The most obvious way to 'erase' entangled information is to just undo the operation that created it:

Unmake with CNOT

Notice how the top qubit has been restored to a pure state by the end, despite that nasty entanglement in the middle.

But you can get a bit fancier than just repeating the same operation twice. Why not do a rotation (H) that swaps the X and Z axes first? Then we can use a controlled-Z instead of a controlled-X to unmake the entanglement:

Unmake with H-CZ

This is convenient because a Z gate only applies to parts of the state where the qubit is On. That is to say, it acts like a control on itself. So you can freely swap it with its own controls:

Unmake with H-ZC

And now that we have an operation that only depends on the second qubit, we can apply the deferred measurement principle.
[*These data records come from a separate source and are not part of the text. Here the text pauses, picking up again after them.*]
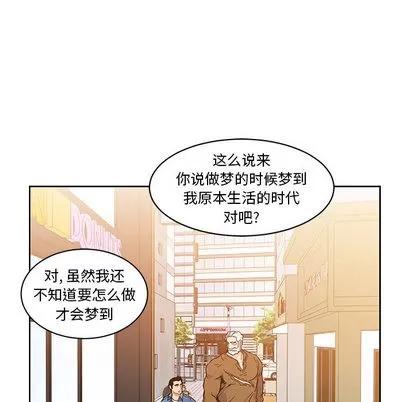 亲爱的你-Liebling！ 亲爱的你-Liebling！ | 第6章 第74页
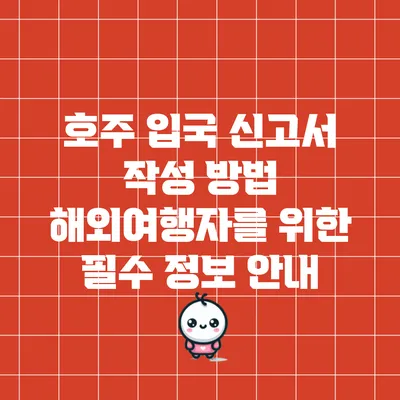 호주 입국 신고서 작성 방법: 해외여행자를 위한 필수 정보 안내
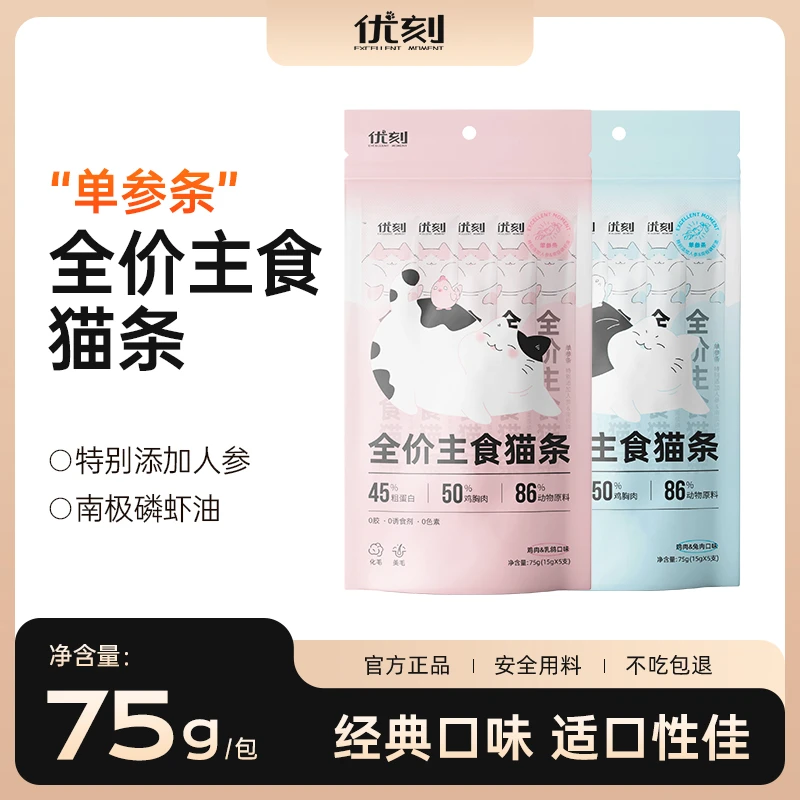 优刻全价主食猫条优选鸡肉兔肉人参高蛋白营养南极磷虾油成猫幼猫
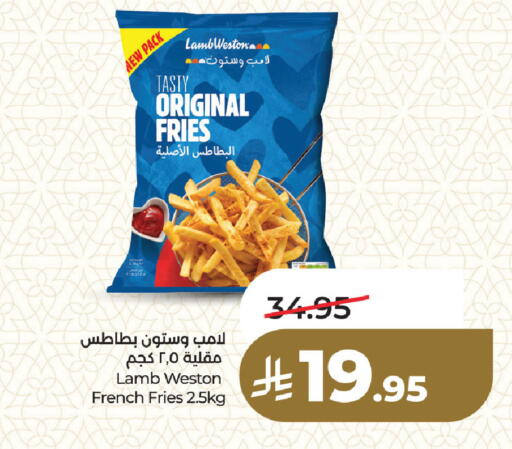 available at لولو هايبرماركت in مملكة العربية السعودية, السعودية, سعودية - المنطقة الشرقية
Measured controls are equivalent to quantum controls, as far as the other qubits are concerned anyways:

Unmake with H-M-ZC

But really this whole 'controlled operation' business is kind of annoying, right? Why not just hope that the measurement result is Off, so that we don't have to apply the operation? If it happens to come out On, we'll just throw away that run and try again:

Unmake with H-M-0

And finally, if we're going to be post-selecting anyways, why not just post-select directly on the X axis instead of swapping X and Z then post-selecting on the Z axis as a way to indirectly post-select on X?

Unmake with +

And that last circuit is what people call quantum erasure.

In other words... Create a pair of entangled photons $|00\rangle + |11\rangle$, check if they're both in the $|0\rangle + |1\rangle$ state by running one of them through a diagonal polarizing filter (which measures the polarization and secretly throws out the $|0\rangle - |1\rangle$ outcomes), and... my gosh when the one photon makes it through the filter the other photon is in the $|0\rangle + |1\rangle$ state instead of an entangled state! And if we use a horizontal polarizer instead, they keep ending up in the $|0\rangle$ state! It's almost as if measurements on one predicts the other!...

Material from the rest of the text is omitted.